This is the best, simplest and most accessible way of present PDF and other rich media and will work on ANY browser, not just desktops, but PDA's, Iphones, cellphones and even assistance technology for the blind.

You CAN go another route, and render the pdf directly in FLASH as an SWF file.
www.pdfmenot.com | TECNERD (http://www.tecnerd.com/2009/09/10/flash-pdf-viewer-free-online-pdf-viewer-pdfmenot/)

This works well if you dont want or cant install the adobe pdf reader.
There are also alternatives to the adobe reader as well, eg. "Foxit"

treadigraph
22nd Sep 2009, 12:12
I've done what I think you are trying to achieve by opening the PDF page with Photoshop and then saving it as a web optimised JPG at the size I want to display it (say 800dpi width if text needs to be legible) - with a reasonable level of compression the jpg file need not be very big at all.

Cheers

Treadders

BOAC
22nd Sep 2009, 13:21
treders - see posts #1  - the detail was insufficient to do justice to the photo in the PDF.

cessnapuppy
22nd Sep 2009, 13:36
what is it exactly, do you want to do?
If you want them to read and browse the PDF in the same manner as if they were using the PDF reader, then they need the pdf plugin

Embedding as a swf is another option.

see here, this may be what you are looking for
PDF Developer Junkie: Using the HTML embed Tag to Display a PDF on Your Web Page (http://blogs.adobe.com/pdfdevjunkie/2007/08/using_the_html_embed_tag_to_di.html)

BOAC
22nd Sep 2009, 15:51
what is it exactly, do you want to do?I have had little success in placing a pdf on a page so it can be 'seen'. exactly that - no plug-ins, simple raw html stuff - just hoping someone (like Adobe) has a pdf-html converter that actually works better than Adobe's 'pdf2html'. That last link is good, but still needs the plug-in as I read it. I cannot assume my 'readers' have all got that far in silver-surfing, and we do want them to buy the quality product displayed:)

treadigraph
22nd Sep 2009, 16:21
Ah, but have you simply done a "print screen" BOAC?

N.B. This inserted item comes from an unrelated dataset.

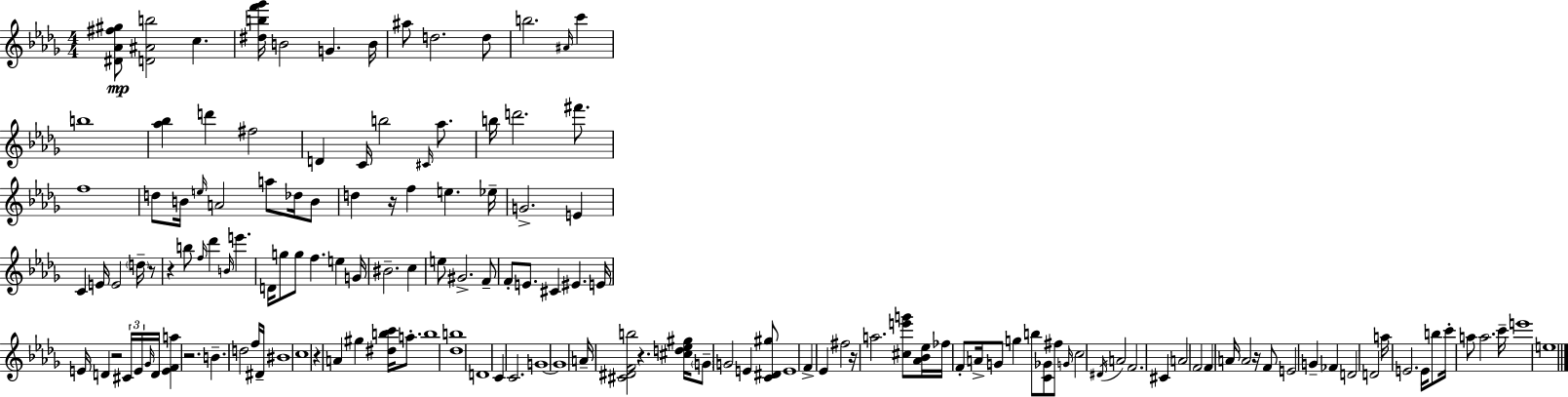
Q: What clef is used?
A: treble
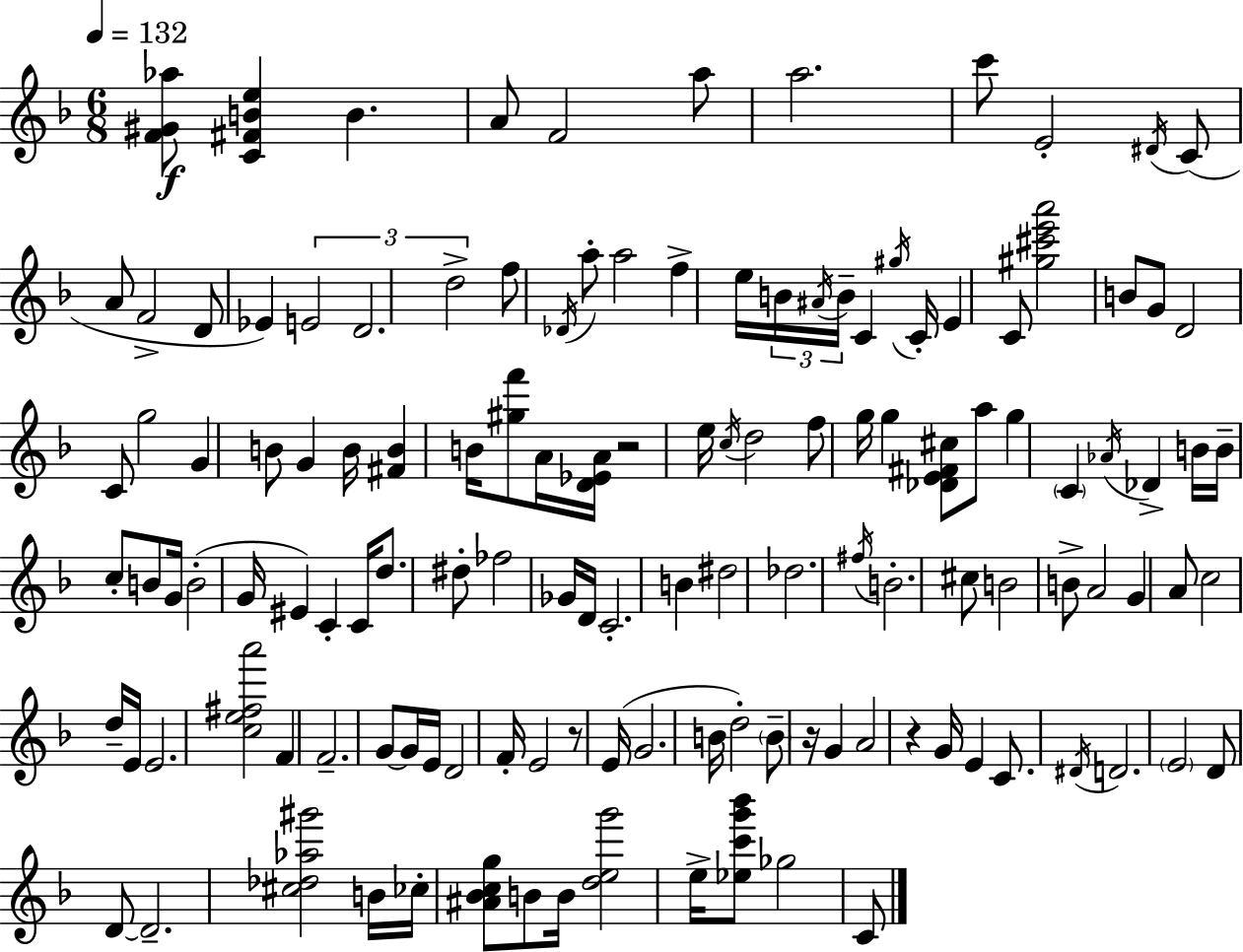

Photoshop will open the original PDF at the resolution you specify; so as long as the PDF itself isn't low res, you ought to get a reasonable result I'd have thought.

If you would like me to have a try for you, email it to me at [email protected].

Cheers

Treadders

cessnapuppy
22nd Sep 2009, 17:01
exactly that - no plug-ins, simple raw html stuff - just hoping someone (like Adobe) has a pdf-html converter that actually works better than Adobe's 'pdf2html'. That last link is good, but still needs the plug-in as I read it. I cannot assume my 'readers' have all got that far in silver-surfing, and we do want them to buy the quality product displayed

well, you cant have it both ways I'm afraid (and that's what she said!)

Two things. If you are creating the pdf files (i.e. you are the original content creators) then you simply save as HTML (losing some of the fine font control and layout possibilities) - but still transferring all of the readable information.

If the pdf files are NOT of your doing, i.e. supplemental information that comes with a parts catalog for example - you are forced to use the pdfs 'as is', then conversion is looking like your only option either to using a reader/viewer like flash, which, although yes, another plug-in, is found almost every on machines (but not on mobile devices which many people are using)
Cross-browser compatibility is one of my specialties, as well as accessibility compliance, but something has to give. Unless you are willing to spend an inordinate amount of time duplicating a visual exactness (very hard to do with HTML+CSS without introducing tons of non-semantic elements and html clutter, while still failing to get 100% visual accuracy against all browsers) then you are wasting your time.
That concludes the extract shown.